Start of EXERCISE DATA

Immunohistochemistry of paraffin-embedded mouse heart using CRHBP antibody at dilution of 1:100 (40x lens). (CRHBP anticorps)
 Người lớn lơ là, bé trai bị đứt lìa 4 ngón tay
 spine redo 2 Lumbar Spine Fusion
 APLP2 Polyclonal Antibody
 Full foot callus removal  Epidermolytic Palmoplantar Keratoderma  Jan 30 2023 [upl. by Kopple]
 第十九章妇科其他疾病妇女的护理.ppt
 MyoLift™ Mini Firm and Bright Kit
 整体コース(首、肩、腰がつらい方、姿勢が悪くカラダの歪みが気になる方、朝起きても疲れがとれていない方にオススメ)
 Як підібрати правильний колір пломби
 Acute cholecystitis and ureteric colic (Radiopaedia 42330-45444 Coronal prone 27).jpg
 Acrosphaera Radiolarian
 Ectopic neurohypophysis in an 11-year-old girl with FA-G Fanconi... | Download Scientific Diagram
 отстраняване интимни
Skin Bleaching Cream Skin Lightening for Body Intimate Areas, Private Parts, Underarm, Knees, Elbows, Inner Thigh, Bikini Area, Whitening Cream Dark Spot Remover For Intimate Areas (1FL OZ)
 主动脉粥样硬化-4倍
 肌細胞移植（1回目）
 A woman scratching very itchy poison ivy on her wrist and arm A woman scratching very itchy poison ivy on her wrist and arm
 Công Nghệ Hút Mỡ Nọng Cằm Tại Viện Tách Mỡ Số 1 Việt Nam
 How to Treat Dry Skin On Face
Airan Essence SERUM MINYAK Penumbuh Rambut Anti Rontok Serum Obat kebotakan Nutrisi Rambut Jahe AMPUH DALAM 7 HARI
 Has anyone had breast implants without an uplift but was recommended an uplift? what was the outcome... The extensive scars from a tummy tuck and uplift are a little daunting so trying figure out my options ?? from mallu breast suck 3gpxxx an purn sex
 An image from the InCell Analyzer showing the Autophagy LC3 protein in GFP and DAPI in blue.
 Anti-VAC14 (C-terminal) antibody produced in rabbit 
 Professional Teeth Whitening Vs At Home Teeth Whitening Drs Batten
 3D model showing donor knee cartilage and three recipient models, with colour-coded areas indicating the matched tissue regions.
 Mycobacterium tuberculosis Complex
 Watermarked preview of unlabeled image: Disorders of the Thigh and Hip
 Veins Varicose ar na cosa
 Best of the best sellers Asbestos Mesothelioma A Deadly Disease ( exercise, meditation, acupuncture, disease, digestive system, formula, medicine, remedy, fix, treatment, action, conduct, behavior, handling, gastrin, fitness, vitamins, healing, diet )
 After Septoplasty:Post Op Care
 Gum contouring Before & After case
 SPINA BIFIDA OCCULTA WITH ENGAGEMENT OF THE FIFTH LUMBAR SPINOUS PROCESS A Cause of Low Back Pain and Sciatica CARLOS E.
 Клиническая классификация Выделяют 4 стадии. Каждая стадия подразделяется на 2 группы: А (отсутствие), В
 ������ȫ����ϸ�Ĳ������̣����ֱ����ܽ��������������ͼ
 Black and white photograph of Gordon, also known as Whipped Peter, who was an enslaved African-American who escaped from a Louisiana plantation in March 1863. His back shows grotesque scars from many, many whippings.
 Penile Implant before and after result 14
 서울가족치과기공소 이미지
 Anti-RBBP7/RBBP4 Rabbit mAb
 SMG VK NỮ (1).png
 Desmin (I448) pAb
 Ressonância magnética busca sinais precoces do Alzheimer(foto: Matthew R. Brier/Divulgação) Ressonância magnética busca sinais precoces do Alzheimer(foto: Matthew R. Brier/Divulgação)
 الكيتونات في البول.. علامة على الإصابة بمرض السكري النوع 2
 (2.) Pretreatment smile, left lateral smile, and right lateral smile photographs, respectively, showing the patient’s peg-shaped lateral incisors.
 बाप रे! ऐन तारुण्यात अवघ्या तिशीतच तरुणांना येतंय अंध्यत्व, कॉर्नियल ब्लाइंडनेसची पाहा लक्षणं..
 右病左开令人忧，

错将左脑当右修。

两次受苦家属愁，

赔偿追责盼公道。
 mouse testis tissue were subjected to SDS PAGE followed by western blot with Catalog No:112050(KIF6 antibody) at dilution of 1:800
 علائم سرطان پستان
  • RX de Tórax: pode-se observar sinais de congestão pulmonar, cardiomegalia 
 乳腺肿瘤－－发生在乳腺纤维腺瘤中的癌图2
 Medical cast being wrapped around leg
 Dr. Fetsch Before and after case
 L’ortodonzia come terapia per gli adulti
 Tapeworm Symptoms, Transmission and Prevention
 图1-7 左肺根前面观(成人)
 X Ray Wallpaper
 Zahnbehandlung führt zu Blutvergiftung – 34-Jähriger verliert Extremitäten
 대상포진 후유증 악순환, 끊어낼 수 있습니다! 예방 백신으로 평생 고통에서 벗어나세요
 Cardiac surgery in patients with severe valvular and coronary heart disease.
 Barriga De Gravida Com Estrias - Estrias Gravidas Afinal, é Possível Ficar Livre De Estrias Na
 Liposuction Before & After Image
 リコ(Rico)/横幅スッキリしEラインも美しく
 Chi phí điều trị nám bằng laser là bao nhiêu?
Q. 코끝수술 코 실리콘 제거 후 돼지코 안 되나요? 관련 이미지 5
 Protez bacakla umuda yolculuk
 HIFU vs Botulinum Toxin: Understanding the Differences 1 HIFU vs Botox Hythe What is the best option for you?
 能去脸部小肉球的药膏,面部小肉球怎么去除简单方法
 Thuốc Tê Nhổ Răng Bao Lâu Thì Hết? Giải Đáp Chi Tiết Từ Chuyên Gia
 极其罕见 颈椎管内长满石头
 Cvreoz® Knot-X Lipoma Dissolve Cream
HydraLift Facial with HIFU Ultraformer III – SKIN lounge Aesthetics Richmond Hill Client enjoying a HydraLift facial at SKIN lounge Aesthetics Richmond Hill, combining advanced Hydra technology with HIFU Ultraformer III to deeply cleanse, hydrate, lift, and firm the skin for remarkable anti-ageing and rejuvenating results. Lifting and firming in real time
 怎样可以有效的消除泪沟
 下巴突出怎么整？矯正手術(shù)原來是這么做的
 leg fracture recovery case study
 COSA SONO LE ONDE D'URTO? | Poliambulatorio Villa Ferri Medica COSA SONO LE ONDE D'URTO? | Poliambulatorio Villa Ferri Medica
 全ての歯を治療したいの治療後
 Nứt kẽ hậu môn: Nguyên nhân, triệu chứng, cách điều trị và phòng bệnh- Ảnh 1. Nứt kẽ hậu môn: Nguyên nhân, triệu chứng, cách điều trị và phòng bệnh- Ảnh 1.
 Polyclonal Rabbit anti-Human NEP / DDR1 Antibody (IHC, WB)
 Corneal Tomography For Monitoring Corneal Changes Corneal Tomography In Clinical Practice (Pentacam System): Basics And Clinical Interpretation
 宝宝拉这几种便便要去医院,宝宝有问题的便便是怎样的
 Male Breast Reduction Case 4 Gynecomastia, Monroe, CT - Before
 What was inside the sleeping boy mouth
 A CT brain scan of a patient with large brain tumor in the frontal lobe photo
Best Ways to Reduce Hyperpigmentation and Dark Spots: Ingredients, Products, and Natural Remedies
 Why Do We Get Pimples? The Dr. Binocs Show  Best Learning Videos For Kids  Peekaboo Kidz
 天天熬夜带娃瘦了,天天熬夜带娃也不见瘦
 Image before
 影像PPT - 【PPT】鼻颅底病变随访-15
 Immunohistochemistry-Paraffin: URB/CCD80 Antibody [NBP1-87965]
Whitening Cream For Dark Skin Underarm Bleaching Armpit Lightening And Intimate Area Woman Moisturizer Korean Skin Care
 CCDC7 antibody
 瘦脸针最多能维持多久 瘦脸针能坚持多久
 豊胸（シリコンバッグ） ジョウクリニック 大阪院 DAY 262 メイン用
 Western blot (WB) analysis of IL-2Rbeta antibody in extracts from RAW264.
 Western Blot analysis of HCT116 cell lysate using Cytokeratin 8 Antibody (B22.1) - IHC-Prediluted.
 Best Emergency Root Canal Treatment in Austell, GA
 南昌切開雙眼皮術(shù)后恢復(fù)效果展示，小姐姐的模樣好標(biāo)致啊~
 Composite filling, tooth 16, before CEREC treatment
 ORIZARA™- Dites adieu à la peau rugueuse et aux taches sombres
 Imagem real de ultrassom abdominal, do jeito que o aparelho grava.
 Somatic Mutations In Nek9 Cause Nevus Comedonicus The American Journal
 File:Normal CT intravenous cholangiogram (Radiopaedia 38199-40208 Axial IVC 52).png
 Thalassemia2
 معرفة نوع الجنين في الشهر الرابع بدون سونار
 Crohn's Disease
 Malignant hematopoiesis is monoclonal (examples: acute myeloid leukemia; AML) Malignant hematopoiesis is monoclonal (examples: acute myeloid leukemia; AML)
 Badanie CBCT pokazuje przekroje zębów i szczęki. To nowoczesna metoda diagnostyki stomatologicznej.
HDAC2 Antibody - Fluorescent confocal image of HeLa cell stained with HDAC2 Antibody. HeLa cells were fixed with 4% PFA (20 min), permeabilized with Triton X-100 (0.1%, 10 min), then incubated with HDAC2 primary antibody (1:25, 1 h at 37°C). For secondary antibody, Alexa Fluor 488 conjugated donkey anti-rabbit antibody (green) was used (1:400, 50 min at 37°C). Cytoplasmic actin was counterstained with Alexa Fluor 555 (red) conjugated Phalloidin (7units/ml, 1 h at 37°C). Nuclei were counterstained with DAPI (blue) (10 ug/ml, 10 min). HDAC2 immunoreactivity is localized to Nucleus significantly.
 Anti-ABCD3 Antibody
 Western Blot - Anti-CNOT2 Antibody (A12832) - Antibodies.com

End of EXERCISE DATA

**TASK:**
When you reach the line holding "الكيتونات في البول.." in the records above, begin reproducing exactly, stop after the line holding "Cvreoz® Knot-X Lipoma Dissolve Cream", and output nothing else.

**WRITTEN RESPONSE:**
 الكيتونات في البول.. علامة على الإصابة بمرض السكري النوع 2
 (2.) Pretreatment smile, left lateral smile, and right lateral smile photographs, respectively, showing the patient’s peg-shaped lateral incisors.
 बाप रे! ऐन तारुण्यात अवघ्या तिशीतच तरुणांना येतंय अंध्यत्व, कॉर्नियल ब्लाइंडनेसची पाहा लक्षणं..
 右病左开令人忧，

错将左脑当右修。

两次受苦家属愁，

赔偿追责盼公道。
 mouse testis tissue were subjected to SDS PAGE followed by western blot with Catalog No:112050(KIF6 antibody) at dilution of 1:800
 علائم سرطان پستان
  • RX de Tórax: pode-se observar sinais de congestão pulmonar, cardiomegalia 
 乳腺肿瘤－－发生在乳腺纤维腺瘤中的癌图2
 Medical cast being wrapped around leg
 Dr. Fetsch Before and after case
 L’ortodonzia come terapia per gli adulti
 Tapeworm Symptoms, Transmission and Prevention
 图1-7 左肺根前面观(成人)
 X Ray Wallpaper
 Zahnbehandlung führt zu Blutvergiftung – 34-Jähriger verliert Extremitäten
 대상포진 후유증 악순환, 끊어낼 수 있습니다! 예방 백신으로 평생 고통에서 벗어나세요
 Cardiac surgery in patients with severe valvular and coronary heart disease.
 Barriga De Gravida Com Estrias - Estrias Gravidas Afinal, é Possível Ficar Livre De Estrias Na
 Liposuction Before & After Image
 リコ(Rico)/横幅スッキリしEラインも美しく
 Chi phí điều trị nám bằng laser là bao nhiêu?
Q. 코끝수술 코 실리콘 제거 후 돼지코 안 되나요? 관련 이미지 5
 Protez bacakla umuda yolculuk
 HIFU vs Botulinum Toxin: Understanding the Differences 1 HIFU vs Botox Hythe What is the best option for you?
 能去脸部小肉球的药膏,面部小肉球怎么去除简单方法
 Thuốc Tê Nhổ Răng Bao Lâu Thì Hết? Giải Đáp Chi Tiết Từ Chuyên Gia
 极其罕见 颈椎管内长满石头
 Cvreoz® Knot-X Lipoma Dissolve Cream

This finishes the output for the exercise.